╭─ Information given

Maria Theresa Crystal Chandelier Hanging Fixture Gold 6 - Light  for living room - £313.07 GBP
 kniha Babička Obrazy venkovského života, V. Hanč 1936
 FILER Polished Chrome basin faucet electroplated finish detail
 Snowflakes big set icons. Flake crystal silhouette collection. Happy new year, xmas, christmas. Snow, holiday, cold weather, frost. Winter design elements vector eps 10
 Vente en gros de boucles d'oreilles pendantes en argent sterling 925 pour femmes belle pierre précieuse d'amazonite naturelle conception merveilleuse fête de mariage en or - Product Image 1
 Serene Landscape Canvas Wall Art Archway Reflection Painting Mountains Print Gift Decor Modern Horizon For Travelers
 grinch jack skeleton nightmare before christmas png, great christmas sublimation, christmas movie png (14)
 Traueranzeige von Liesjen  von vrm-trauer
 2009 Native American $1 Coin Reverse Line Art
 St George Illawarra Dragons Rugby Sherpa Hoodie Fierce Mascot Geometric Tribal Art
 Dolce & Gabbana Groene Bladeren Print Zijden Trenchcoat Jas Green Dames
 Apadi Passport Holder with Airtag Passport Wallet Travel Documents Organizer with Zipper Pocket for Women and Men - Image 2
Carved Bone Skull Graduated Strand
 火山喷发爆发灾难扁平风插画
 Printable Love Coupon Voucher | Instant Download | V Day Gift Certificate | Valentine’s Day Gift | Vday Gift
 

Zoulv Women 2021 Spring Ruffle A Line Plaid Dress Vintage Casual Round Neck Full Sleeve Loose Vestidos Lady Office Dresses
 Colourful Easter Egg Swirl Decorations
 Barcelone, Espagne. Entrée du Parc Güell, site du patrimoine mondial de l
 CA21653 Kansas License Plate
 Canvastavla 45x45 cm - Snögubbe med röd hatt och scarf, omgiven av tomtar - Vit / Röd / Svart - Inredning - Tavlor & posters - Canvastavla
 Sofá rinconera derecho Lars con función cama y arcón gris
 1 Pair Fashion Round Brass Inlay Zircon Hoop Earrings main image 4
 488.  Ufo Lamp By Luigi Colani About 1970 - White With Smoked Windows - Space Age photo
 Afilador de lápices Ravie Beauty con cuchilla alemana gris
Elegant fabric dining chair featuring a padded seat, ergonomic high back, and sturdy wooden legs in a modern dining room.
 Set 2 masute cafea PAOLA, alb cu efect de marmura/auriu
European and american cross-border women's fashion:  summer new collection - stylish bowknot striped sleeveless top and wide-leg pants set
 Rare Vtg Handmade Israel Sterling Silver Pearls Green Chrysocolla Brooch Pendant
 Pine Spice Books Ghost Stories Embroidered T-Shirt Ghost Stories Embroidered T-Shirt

╰─

▶ **Task details**
Reproduce every entry above so that each one matches its source exactly.

▶ **The completed task**
Maria Theresa Crystal Chandelier Hanging Fixture Gold 6 - Light  for living room - £313.07 GBP
 kniha Babička Obrazy venkovského života, V. Hanč 1936
 FILER Polished Chrome basin faucet electroplated finish detail
 Snowflakes big set icons. Flake crystal silhouette collection. Happy new year, xmas, christmas. Snow, holiday, cold weather, frost. Winter design elements vector eps 10
 Vente en gros de boucles d'oreilles pendantes en argent sterling 925 pour femmes belle pierre précieuse d'amazonite naturelle conception merveilleuse fête de mariage en or - Product Image 1
 Serene Landscape Canvas Wall Art Archway Reflection Painting Mountains Print Gift Decor Modern Horizon For Travelers
 grinch jack skeleton nightmare before christmas png, great christmas sublimation, christmas movie png (14)
 Traueranzeige von Liesjen  von vrm-trauer
 2009 Native American $1 Coin Reverse Line Art
 St George Illawarra Dragons Rugby Sherpa Hoodie Fierce Mascot Geometric Tribal Art
 Dolce & Gabbana Groene Bladeren Print Zijden Trenchcoat Jas Green Dames
 Apadi Passport Holder with Airtag Passport Wallet Travel Documents Organizer with Zipper Pocket for Women and Men - Image 2
Carved Bone Skull Graduated Strand
 火山喷发爆发灾难扁平风插画
 Printable Love Coupon Voucher | Instant Download | V Day Gift Certificate | Valentine’s Day Gift | Vday Gift
 

Zoulv Women 2021 Spring Ruffle A Line Plaid Dress Vintage Casual Round Neck Full Sleeve Loose Vestidos Lady Office Dresses
 Colourful Easter Egg Swirl Decorations
 Barcelone, Espagne. Entrée du Parc Güell, site du patrimoine mondial de l
 CA21653 Kansas License Plate
 Canvastavla 45x45 cm - Snögubbe med röd hatt och scarf, omgiven av tomtar - Vit / Röd / Svart - Inredning - Tavlor & posters - Canvastavla
 Sofá rinconera derecho Lars con función cama y arcón gris
 1 Pair Fashion Round Brass Inlay Zircon Hoop Earrings main image 4
 488.  Ufo Lamp By Luigi Colani About 1970 - White With Smoked Windows - Space Age photo
 Afilador de lápices Ravie Beauty con cuchilla alemana gris
Elegant fabric dining chair featuring a padded seat, ergonomic high back, and sturdy wooden legs in a modern dining room.
 Set 2 masute cafea PAOLA, alb cu efect de marmura/auriu
European and american cross-border women's fashion:  summer new collection - stylish bowknot striped sleeveless top and wide-leg pants set
 Rare Vtg Handmade Israel Sterling Silver Pearls Green Chrysocolla Brooch Pendant
 Pine Spice Books Ghost Stories Embroidered T-Shirt Ghost Stories Embroidered T-Shirt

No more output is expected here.